Now we actually have time for things like family reading night:
|I can’t even remember the last time we hung out in our library|
And cashing in a gift card for a mother-daughter pizza and movie night
|“Thumbs up mommy!”|
The kids have gotten to spend more time in their playroom over the last two weeks than they have in the last year.
The girl child’s teacher bought her a bike for Easter and we actually had time to ride it!
|Can we say best teacher and friend ever?|
I mean yes, kids get sick, plans change, but on a day to day basis, this is working in a much more realistic fashion and I have had time for myself that I haven’t had in years. I didn’t realize how much I needed to slow down until I did.
As you know from the post “I Didn’t Win the Battle,” I’m at risk of losing my home. Losing my home terrifies and saddens me for all of the obvious reasons, but it also breaks my heart for so many more. When most people buy their first place they envision it as a starter home. Something you live in while you gain equity and move to a bigger place. Not for me. I’d never had a place where I really felt at home. My whole life had been so uncertain that when my ex and I started looking for houses, I knew that I was looking for my forever home. I didn’t want to move anymore. I was tired of being shuffled from place to place. It took me two years to find this place and I fell in love with it instantly. Not just the floor plan or the ample green space. Not the fact that the school is only stone’s throw away and there are parks and trails completely surrounding us. Not just the things that you can find anywhere. There is something different about this place, something special. It was well under our budget, not the big single family home my ex wanted, but it was everything I wanted, and for the first time, a dream actually came true for me.

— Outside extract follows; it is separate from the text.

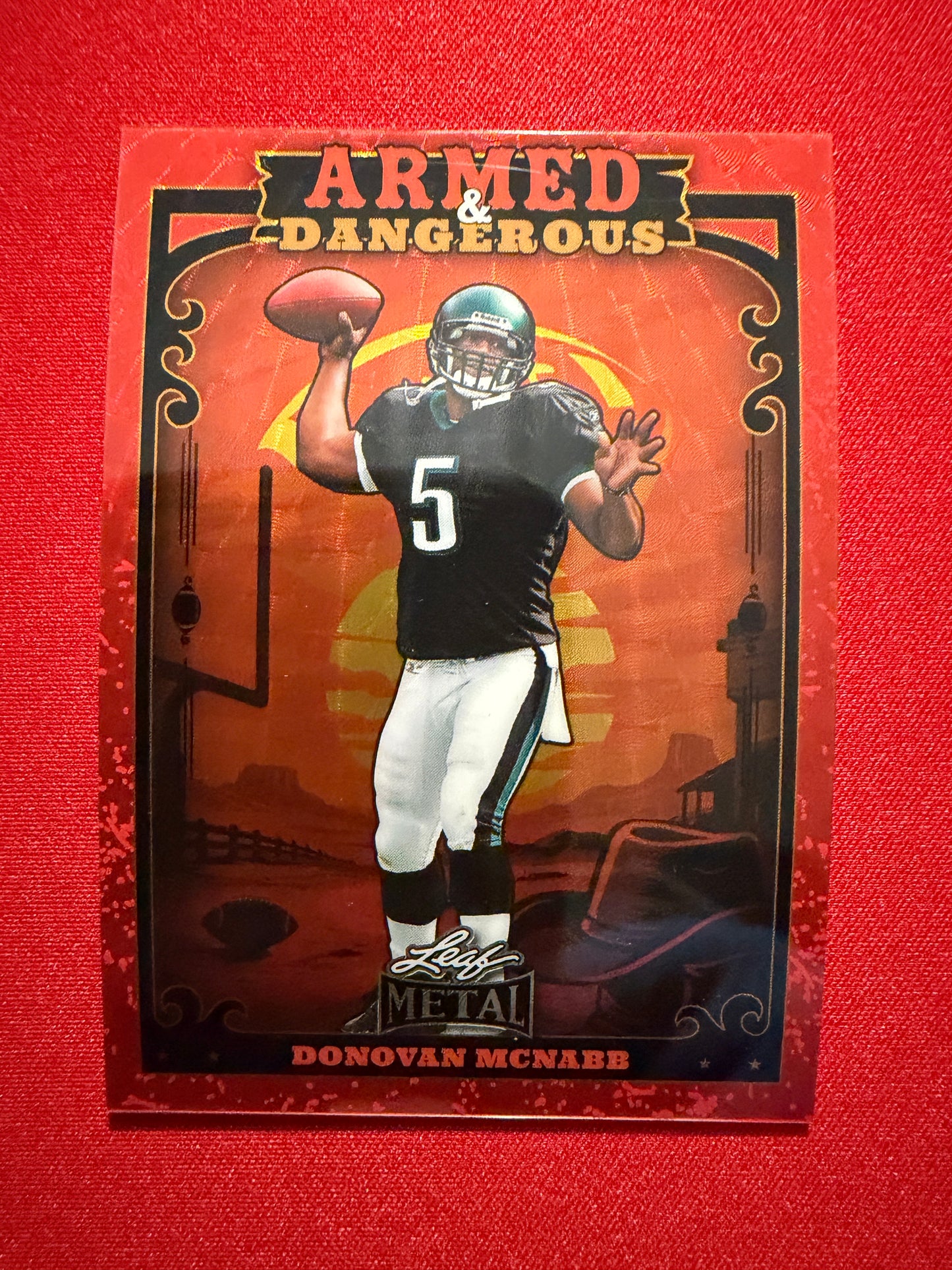 2026 Leaf Metal Football Armed & Dangerous Donovan McNabb Red Flood 1/1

This Easter was a special time for the kids and I.
Remember the post “Beware of Frisbee’s?” Frisbee boy’s parents stepped up in a BIG way and paid my mortgage for the next six months!!! I have six months to get my butt in gear and figure out how I am going to support us. I have six months to figure out how I am going to hang on to the only place in this world that I have ever been able to call home. The first place where I am almost completely surrounded by people that care about and love me. I know I’m loved here. I know I’m wanted here. I don’t want to lose that. I’ve spent my whole life being nothing more than a burden to people and when I pull into my driveway after a long day at work and the neighbors surround my car, helping me unload groceries, bringing me dinner, and carrying my sleeping children inside, I feel like a part of the family that I’ve always wanted. I’m terrified I’ll lose it, but I’m pushing forward with the nonprofit because despite what a lot of you may think, it seems like my best chance and I truly believe it’s my life’s purpose.
I’d like to thank all of you who peddled my name around for freelancing jobs! You guys ROCK!! I’m currently working on a few articles with the sweetest editor woman and I can’t wait to share it with you guys soon. I’ll be sure to link you guys over to it when the articles post. I’m really hoping that with the help from Frisbee guys parents, my one day a week cleaning clients, strip classes, and some freelance income, we might just make it!
Since I’m going to be staying here a while longer, I did some checking around and found out I qualify for a land line telephone for only $6 a month. Hoping to avoid anymore incidents like the one in “Damn Straight I’m Going To Wear It,” where the five year old girl child thought I was dead and just continued about her business, we now have a 911 phone. This phone came with many, many, discussions on how she should call for help in an emergency.
No, psh, of course not.
They reached out to me and basically told me that if I was going to go forward with this nonprofit and publically announce that I wanted to help other women overcome what I had gone through, that it would smear the family name and they weren’t about to let that happen. You see the thing about my parents is that they don’t make threats, they make promises. I have no idea what to do, so for the time being, I’m doing nothing.
Well, I think that about catches you up on the life of Eden Strong. Have a wonderful day everyone and keep smiling!! Statistics say that we look at our reflection an average of 71 times a day. Wouldn’t your day be a lot happier if you saw someone smiling at you 71 times a day?